• How to complete this task: Reproduce the records below exactly, but only between the lines holding "Myjka ciśnieniowa DayPlus" and "Sierra House / Steyn Studio", inclusive.

• Short descriptive text snippets:
···

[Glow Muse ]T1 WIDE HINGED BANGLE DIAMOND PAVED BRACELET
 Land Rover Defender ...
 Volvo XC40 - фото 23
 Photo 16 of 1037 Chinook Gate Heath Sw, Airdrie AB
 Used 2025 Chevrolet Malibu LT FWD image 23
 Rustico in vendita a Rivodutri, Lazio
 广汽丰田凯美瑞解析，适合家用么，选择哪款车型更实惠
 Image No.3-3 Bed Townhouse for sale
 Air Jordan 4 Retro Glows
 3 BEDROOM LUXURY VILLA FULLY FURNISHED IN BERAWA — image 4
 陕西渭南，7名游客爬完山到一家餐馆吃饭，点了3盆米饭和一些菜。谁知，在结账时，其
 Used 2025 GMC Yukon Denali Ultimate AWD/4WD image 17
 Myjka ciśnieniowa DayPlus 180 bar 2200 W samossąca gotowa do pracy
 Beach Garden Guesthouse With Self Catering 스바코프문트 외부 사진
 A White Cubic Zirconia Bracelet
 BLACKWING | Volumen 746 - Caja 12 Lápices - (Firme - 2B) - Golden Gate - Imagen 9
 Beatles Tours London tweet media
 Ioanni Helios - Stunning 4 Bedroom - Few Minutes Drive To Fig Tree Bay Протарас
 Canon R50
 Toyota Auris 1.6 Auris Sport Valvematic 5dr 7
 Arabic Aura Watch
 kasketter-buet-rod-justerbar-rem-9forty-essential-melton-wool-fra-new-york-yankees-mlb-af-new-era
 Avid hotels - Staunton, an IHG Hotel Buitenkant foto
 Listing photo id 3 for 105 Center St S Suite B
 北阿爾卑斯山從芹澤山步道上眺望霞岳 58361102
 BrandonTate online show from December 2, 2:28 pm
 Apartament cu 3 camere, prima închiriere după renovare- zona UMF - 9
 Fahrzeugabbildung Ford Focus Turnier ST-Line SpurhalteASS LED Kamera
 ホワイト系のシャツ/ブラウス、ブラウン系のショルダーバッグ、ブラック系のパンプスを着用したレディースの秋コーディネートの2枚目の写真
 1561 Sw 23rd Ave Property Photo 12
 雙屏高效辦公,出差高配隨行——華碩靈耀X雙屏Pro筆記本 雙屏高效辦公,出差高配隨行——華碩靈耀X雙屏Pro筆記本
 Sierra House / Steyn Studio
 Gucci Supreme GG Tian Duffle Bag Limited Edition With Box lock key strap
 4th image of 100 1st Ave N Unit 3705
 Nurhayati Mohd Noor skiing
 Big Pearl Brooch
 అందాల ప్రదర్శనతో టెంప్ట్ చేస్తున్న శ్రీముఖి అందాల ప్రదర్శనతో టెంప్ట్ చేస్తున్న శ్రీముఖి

···

• Solution below:
 Myjka ciśnieniowa DayPlus 180 bar 2200 W samossąca gotowa do pracy
 Beach Garden Guesthouse With Self Catering 스바코프문트 외부 사진
 A White Cubic Zirconia Bracelet
 BLACKWING | Volumen 746 - Caja 12 Lápices - (Firme - 2B) - Golden Gate - Imagen 9
 Beatles Tours London tweet media
 Ioanni Helios - Stunning 4 Bedroom - Few Minutes Drive To Fig Tree Bay Протарас
 Canon R50
 Toyota Auris 1.6 Auris Sport Valvematic 5dr 7
 Arabic Aura Watch
 kasketter-buet-rod-justerbar-rem-9forty-essential-melton-wool-fra-new-york-yankees-mlb-af-new-era
 Avid hotels - Staunton, an IHG Hotel Buitenkant foto
 Listing photo id 3 for 105 Center St S Suite B
 北阿爾卑斯山從芹澤山步道上眺望霞岳 58361102
 BrandonTate online show from December 2, 2:28 pm
 Apartament cu 3 camere, prima închiriere după renovare- zona UMF - 9
 Fahrzeugabbildung Ford Focus Turnier ST-Line SpurhalteASS LED Kamera
 ホワイト系のシャツ/ブラウス、ブラウン系のショルダーバッグ、ブラック系のパンプスを着用したレディースの秋コーディネートの2枚目の写真
 1561 Sw 23rd Ave Property Photo 12
 雙屏高效辦公,出差高配隨行——華碩靈耀X雙屏Pro筆記本 雙屏高效辦公,出差高配隨行——華碩靈耀X雙屏Pro筆記本
 Sierra House / Steyn Studio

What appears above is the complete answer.